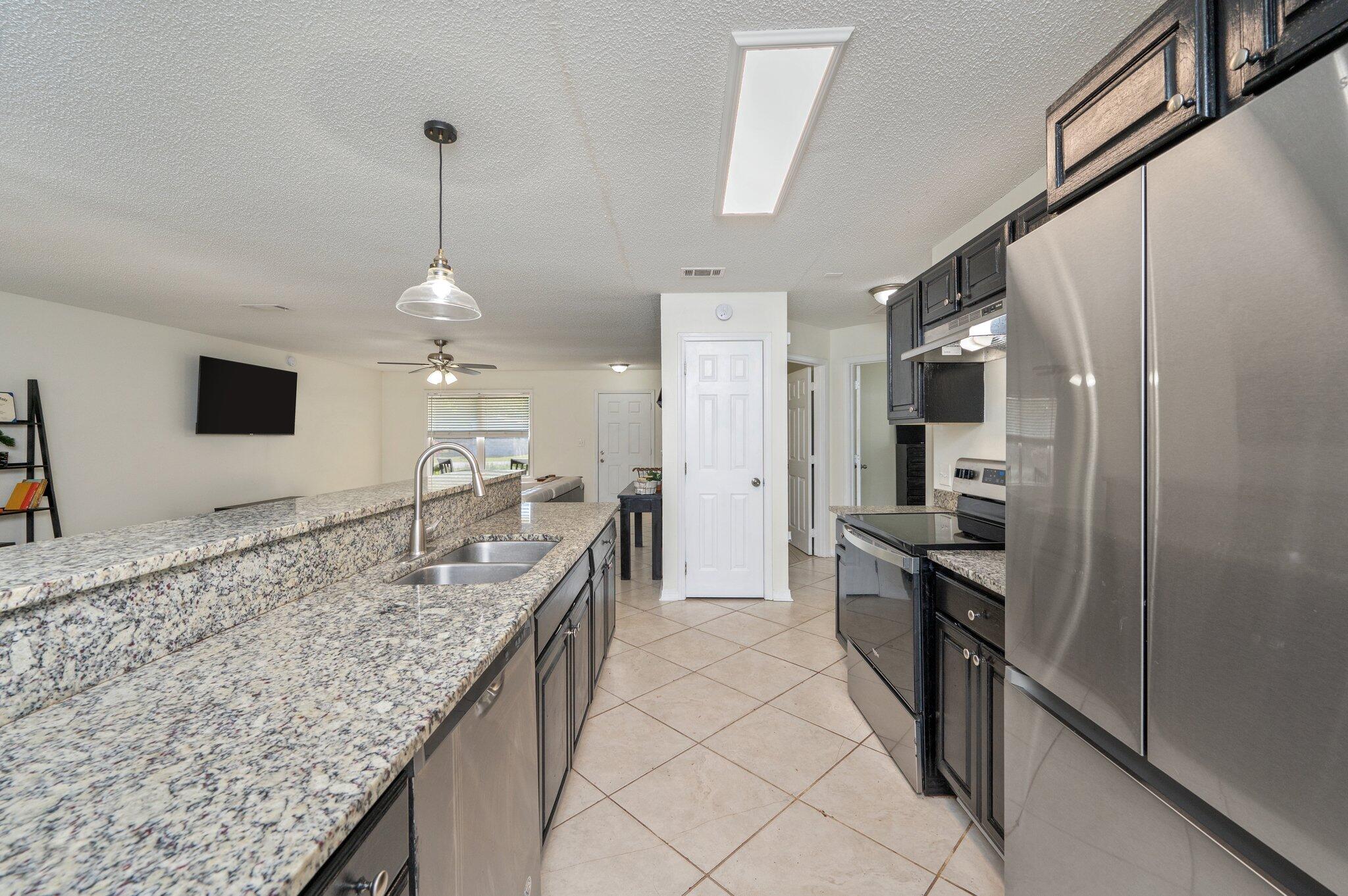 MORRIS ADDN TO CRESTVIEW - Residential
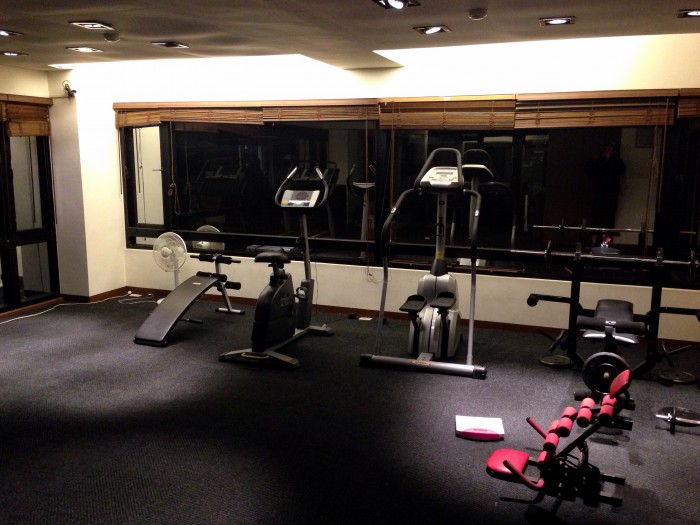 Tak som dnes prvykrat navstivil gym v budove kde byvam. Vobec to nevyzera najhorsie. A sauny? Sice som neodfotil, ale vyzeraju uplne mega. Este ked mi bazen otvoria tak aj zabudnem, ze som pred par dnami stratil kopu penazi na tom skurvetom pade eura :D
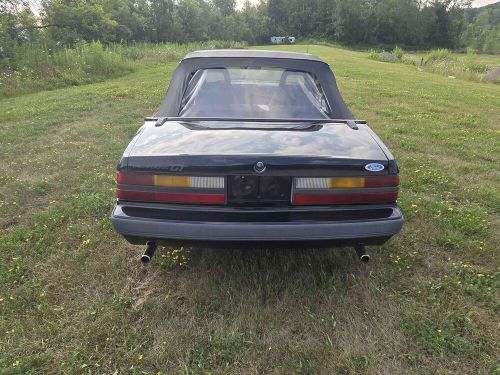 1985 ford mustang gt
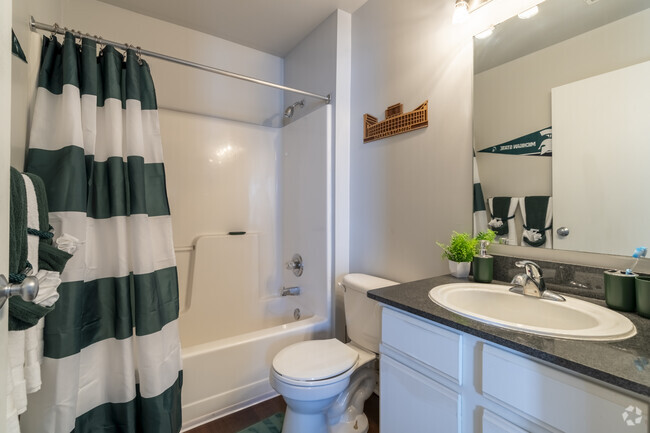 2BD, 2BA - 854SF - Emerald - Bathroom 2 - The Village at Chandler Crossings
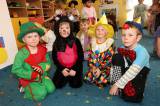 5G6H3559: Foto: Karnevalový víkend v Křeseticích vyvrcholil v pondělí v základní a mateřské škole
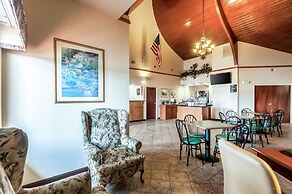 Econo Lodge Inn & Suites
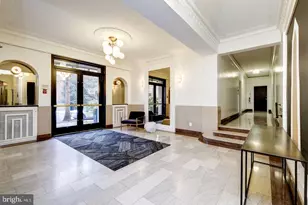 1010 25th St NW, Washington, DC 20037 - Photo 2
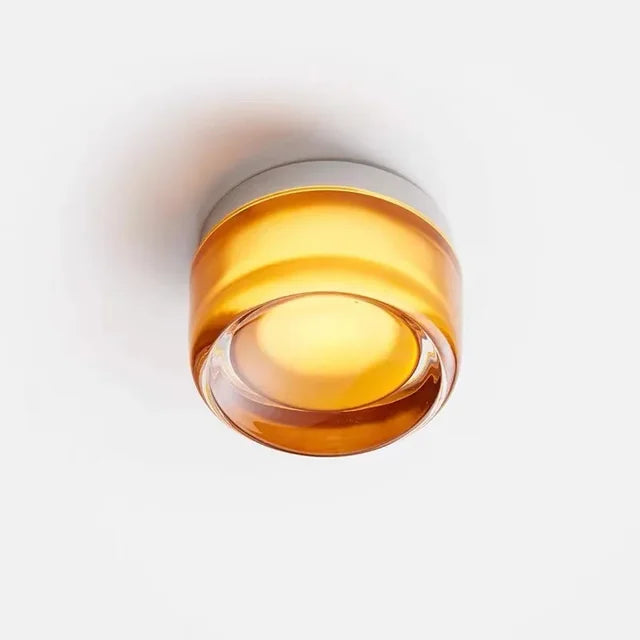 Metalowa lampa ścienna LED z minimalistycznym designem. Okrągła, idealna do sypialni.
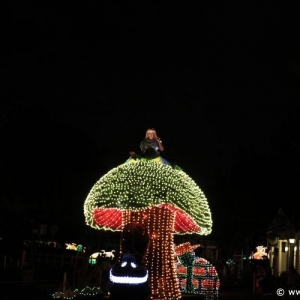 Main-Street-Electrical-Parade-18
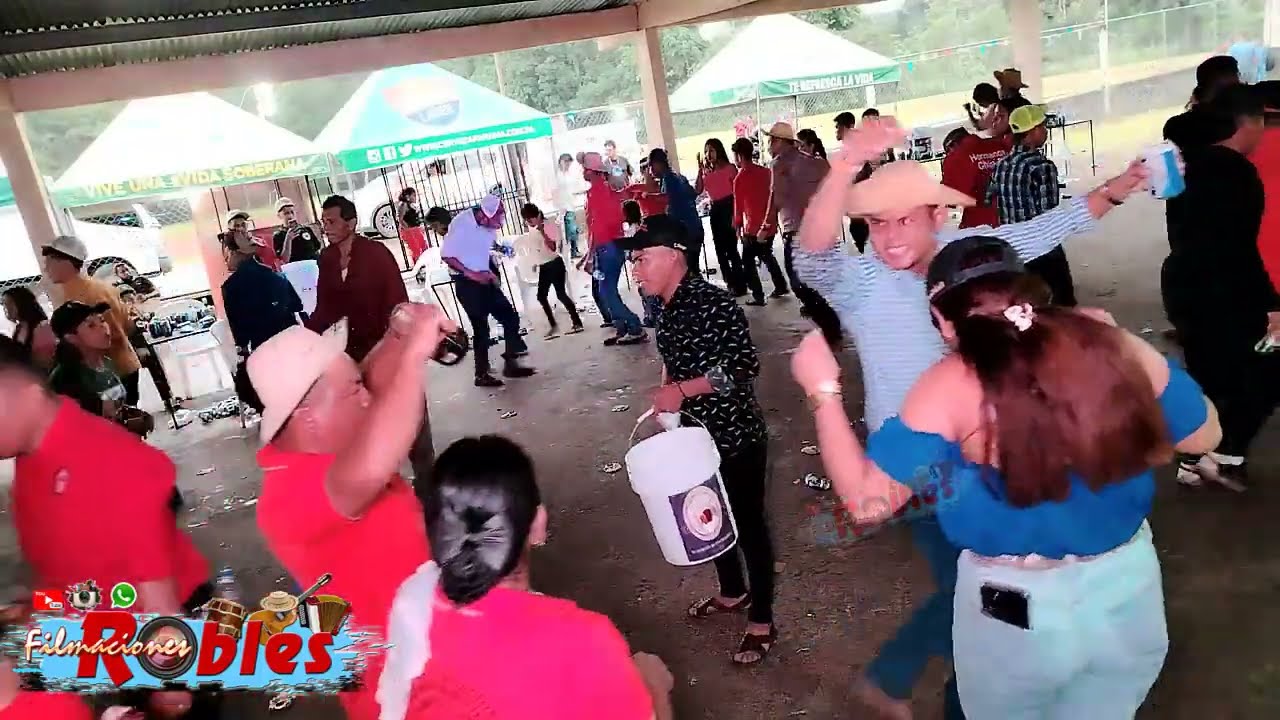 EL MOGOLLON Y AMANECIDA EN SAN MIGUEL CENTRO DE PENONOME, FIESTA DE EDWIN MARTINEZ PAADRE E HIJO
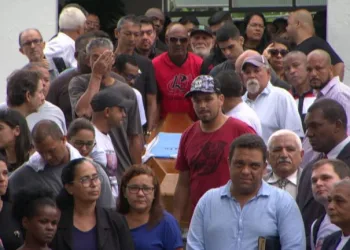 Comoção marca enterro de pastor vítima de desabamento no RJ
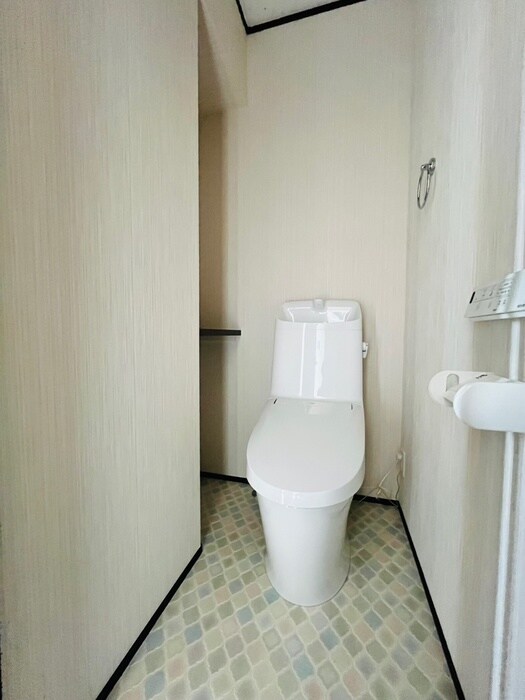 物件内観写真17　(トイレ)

═══

__What you need to do__
For this exercise, reproduce the data above exactly from the line containing "Main-Street-Electrical-Parade-18" through its final line, both ends included, with no pictures in the copy.

__Task result__
 Main-Street-Electrical-Parade-18
 EL MOGOLLON Y AMANECIDA EN SAN MIGUEL CENTRO DE PENONOME, FIESTA DE EDWIN MARTINEZ PAADRE E HIJO
 Comoção marca enterro de pastor vítima de desabamento no RJ
 物件内観写真17　(トイレ)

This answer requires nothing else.